■ **Task details**: Output every line of the material exactly, omitting images.

:: Supplied data ::

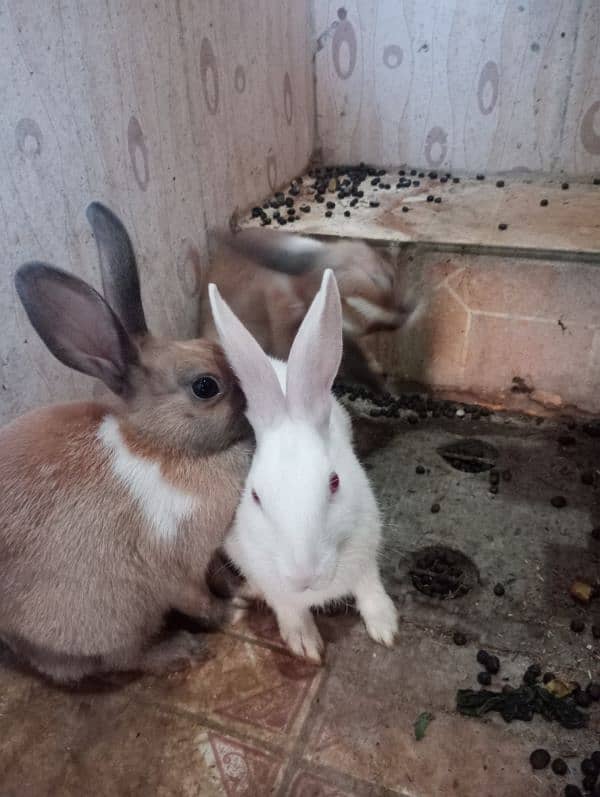 Rabbits 03085252454 usman 2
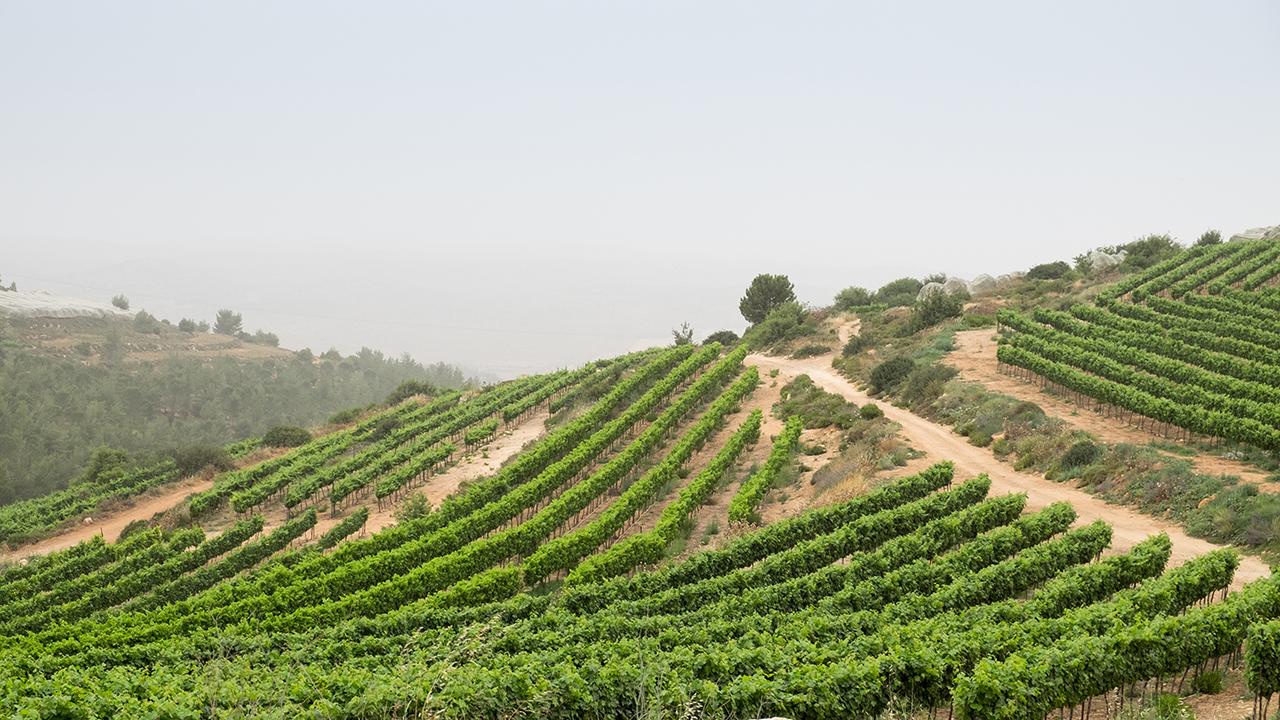 波乱万丈 イスラエルのワイン事情 エノテカ ワインの読み物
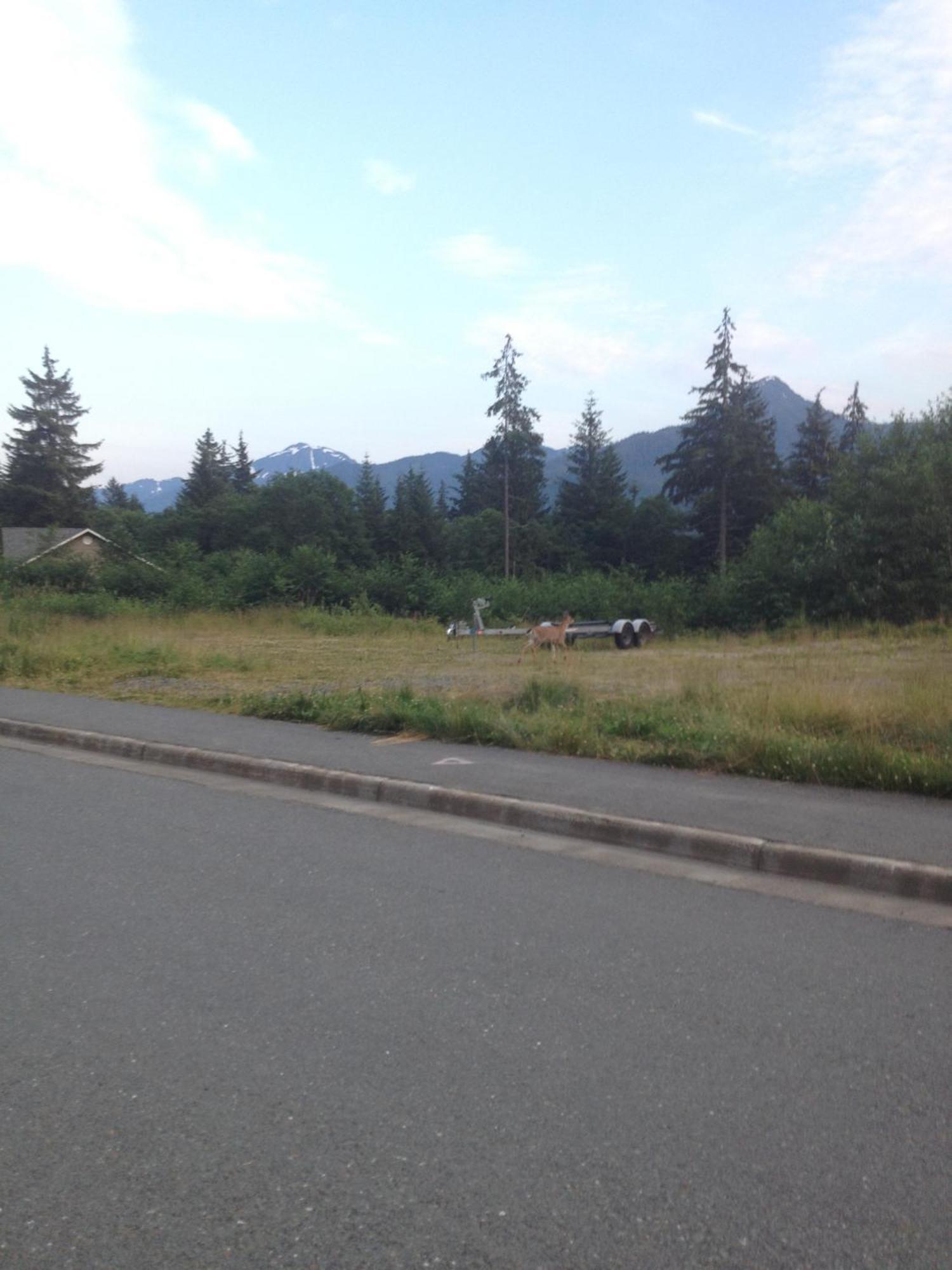 Kelli Creek Cottage - Reduced Price On Tours Juneau Exterior photo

:::

■ **Exercise result**:
 Rabbits 03085252454 usman 2
 波乱万丈 イスラエルのワイン事情 エノテカ ワインの読み物
 Kelli Creek Cottage - Reduced Price On Tours Juneau Exterior photo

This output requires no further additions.